• Records for this exercise
□ □ □ □ □ □ □

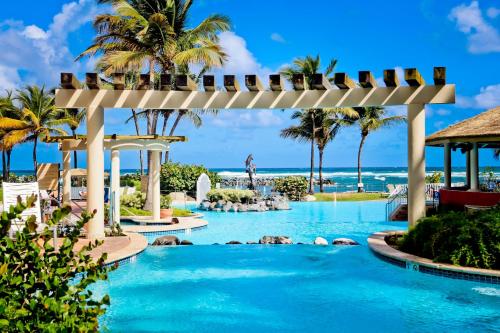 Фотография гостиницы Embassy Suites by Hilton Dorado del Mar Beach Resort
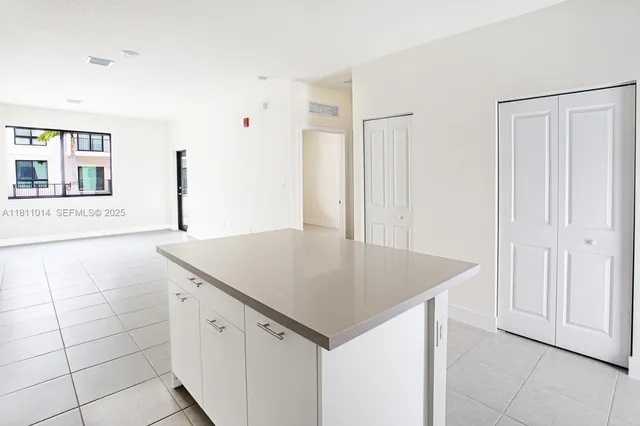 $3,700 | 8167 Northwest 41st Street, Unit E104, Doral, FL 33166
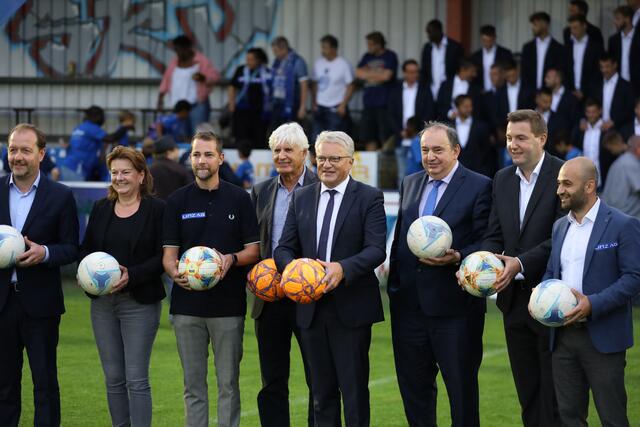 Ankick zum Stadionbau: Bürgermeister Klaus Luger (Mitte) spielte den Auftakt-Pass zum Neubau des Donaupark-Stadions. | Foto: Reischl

□ □ □ □ □ □ □

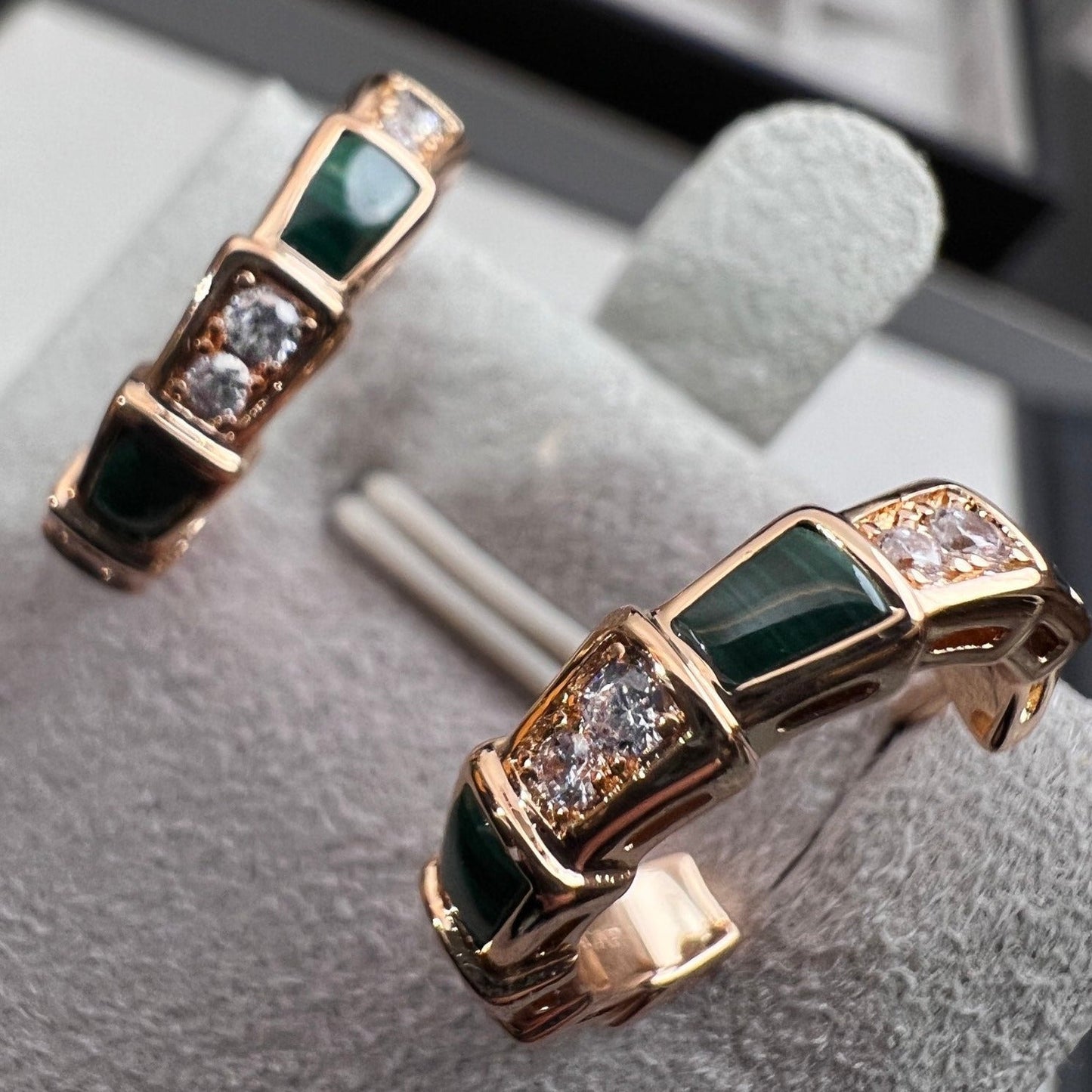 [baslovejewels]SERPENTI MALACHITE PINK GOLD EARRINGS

□ □ □ □ □ □ □

• Work instructions
From the material above, reproduce only what runs from the line holding "Doral, FL 33166" down to the line holding "Ankick zum Stadionbau: Bürgermeister", both included, pictures excluded.

• Worked solution
 $3,700 | 8167 Northwest 41st Street, Unit E104, Doral, FL 33166
 Ankick zum Stadionbau: Bürgermeister Klaus Luger (Mitte) spielte den Auftakt-Pass zum Neubau des Donaupark-Stadions. | Foto: Reischl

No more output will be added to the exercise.